- [TASK BRIEF]:
Using the material below, print a verbatim copy of every line from the one containing "Ubiquiti UAP AC" through the one containing "Used 2023 Ford", inclusive, and omit the pictures.

- [RECORDS SUPPLIED]:
^^^^

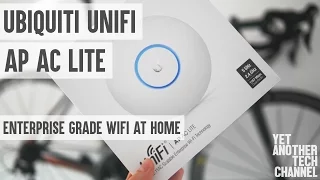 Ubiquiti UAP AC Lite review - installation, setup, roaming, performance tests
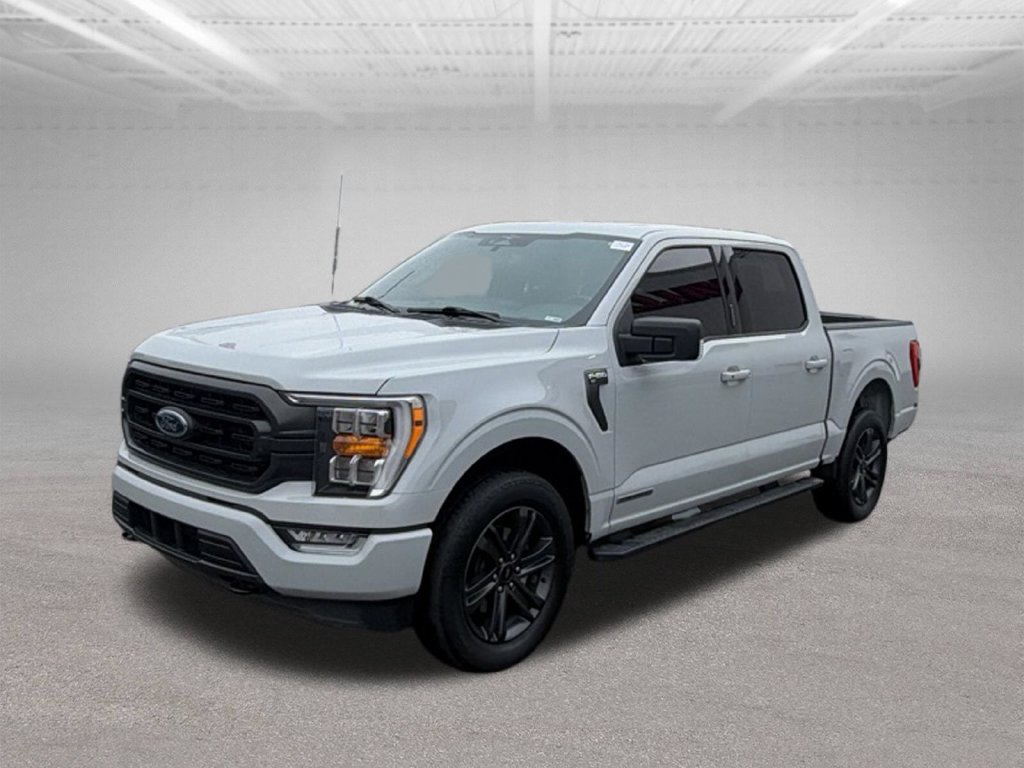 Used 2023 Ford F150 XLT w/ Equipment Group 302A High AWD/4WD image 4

^^^^

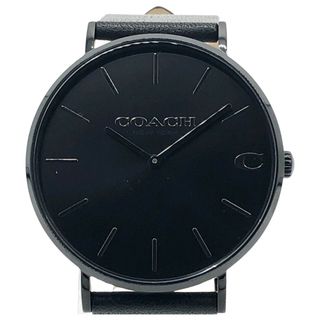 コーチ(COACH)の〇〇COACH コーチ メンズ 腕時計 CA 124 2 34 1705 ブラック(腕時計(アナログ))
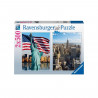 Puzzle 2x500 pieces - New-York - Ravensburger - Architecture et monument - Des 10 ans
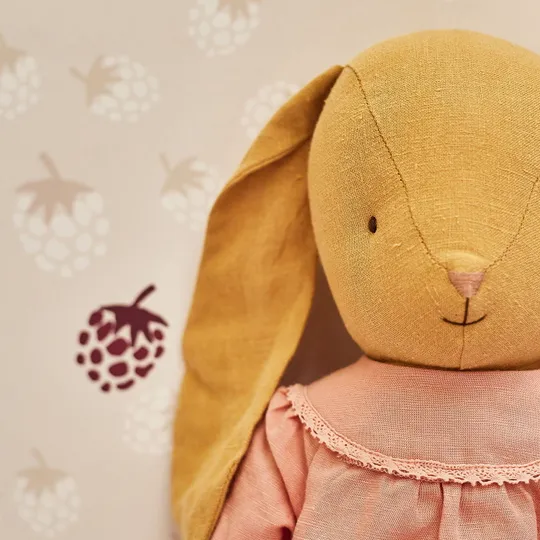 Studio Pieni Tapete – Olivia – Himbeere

^^^^

- [REPLY]:
 Ubiquiti UAP AC Lite review - installation, setup, roaming, performance tests
 Used 2023 Ford F150 XLT w/ Equipment Group 302A High AWD/4WD image 4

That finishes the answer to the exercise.